To clarify my idea, i ask my questions in two different ways showed by diction 1 and diction 2 in next. Both questions are same, and I'm bringing them just for explaining what I need.
diction 1- Each closed curve is consist of many points and all points in each curve have same height. Calculating any of these curves is a time consuming task, so i would like to know is there a method to interpolate between two successive curve and make a new curve instead of calculating it from the time consuming task?
diction 2- You can see in image every closed curve have same height in every point of it. (because of perspective view, the side view seems is not so, but in real it is).
Is there a method to approximate a curve between two successive curves with only data of those two curves?
For example think we remove 7'th curve (counting from down to up) and we want to approximate it with data of 6'th curve and 8'th curve.

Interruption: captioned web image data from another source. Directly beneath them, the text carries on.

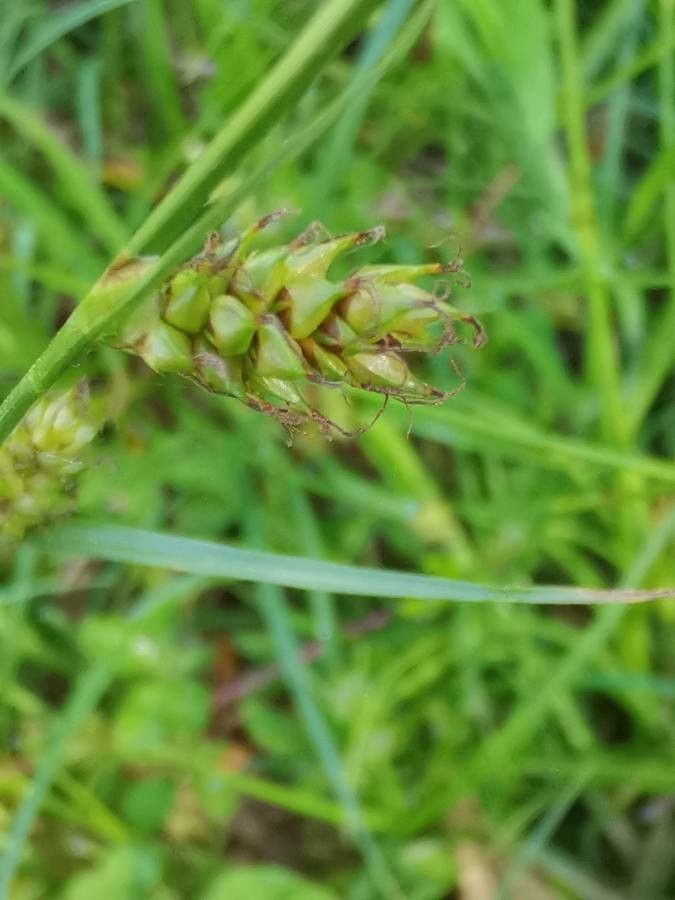 Carex hostiana flower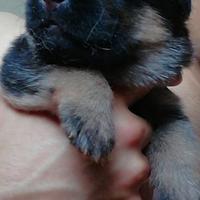 Cuccioli di pastore tedesco di alta genealogia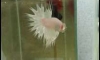 ��»�ҡѴ��§��  �ٻ�������������  https://www.facebook.com/betta57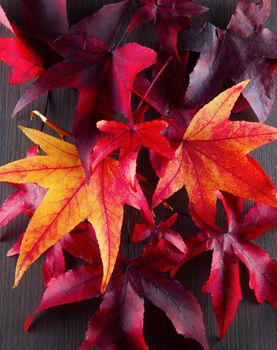 Autumn leaves of different colors over a dark wooden background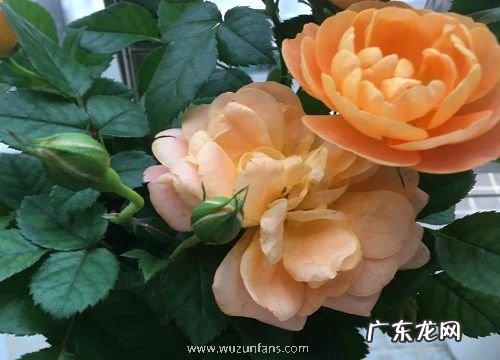 餐桌放什么植物风水好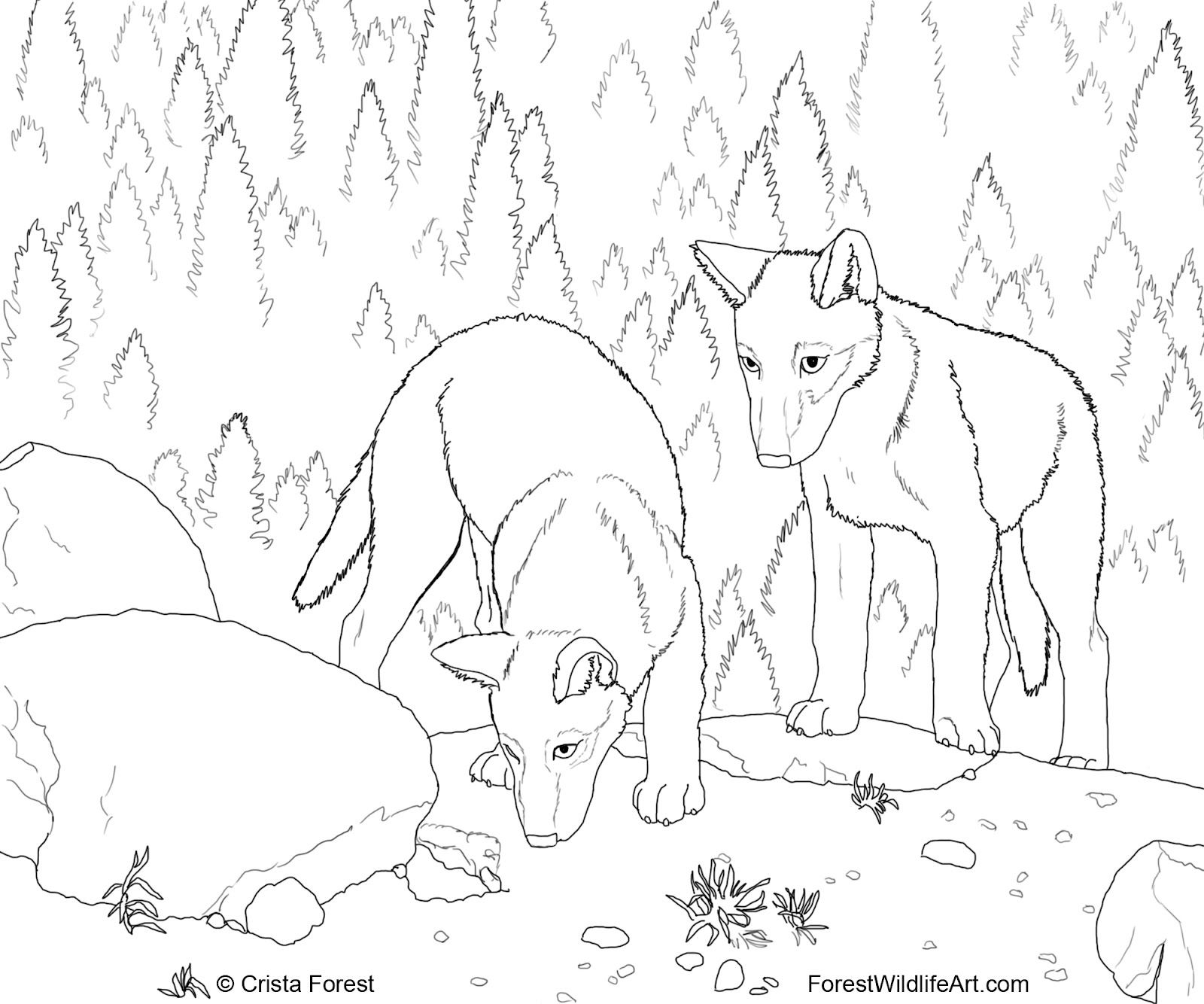 1600x1334 Cute Wolf Coloring Pages Forest Wildlife Art Wolf Pups Coloring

Is there a method to do so?
- Update - in many CAD/CAM applications there is a command named Loft which will create a surface from several curves like this image (from this page)

What is the math behind the Loft operation?
 A: This is a question that is not easy to answer as there are multiple ways to achieve what you want but none of them is easy to implement. So, here I can only give some general description about the algorithm and you will have to do more research (try google on "surface reconstruction from planar contours") on your own. 
The first way is to construct triangle facets between two successive curves. For each two successive points in the upper curve, they will be connected to a point in the lower curve, thus forming a triangle facet. Similarly, every two successive points in the lower curve will be connected to a point in the upper curve, forming another triangle. There are many different criteria to choose how to match points between upper curve and lower curve. Once all the points are used in both curves, we have a collection of triangle facets that fill up the space between the two curves. Repeat the process for every two successive curves and we will have a polygon mesh that interpolate all the curves. Then, finding new curves is just a matter of intersecting a plane at known z value with the polygon mesh.
The 2nd way is to fit each curve (consist of many points) by a B-spline curve (cubic is preferred), then create lofting surface thru all the fitted B-spline curves. Once you have the lofting surface, intersect it with a plane at known z value to get the interpolating curve.
A: I think this can be reduced to the 1d interpolation problem. How are the curves given to you? In a trivial example of surface of revolution, when the curves are circles, we interpolate the radius along the z-axis. In any case, we could discretize any given free-form closed curves by sampling radius at equal polar angles in the cross-sections. Then we interpolate resulting radius arrays along z, by polynomial or spline methods, obtaining a vector-valued interpolant s(z).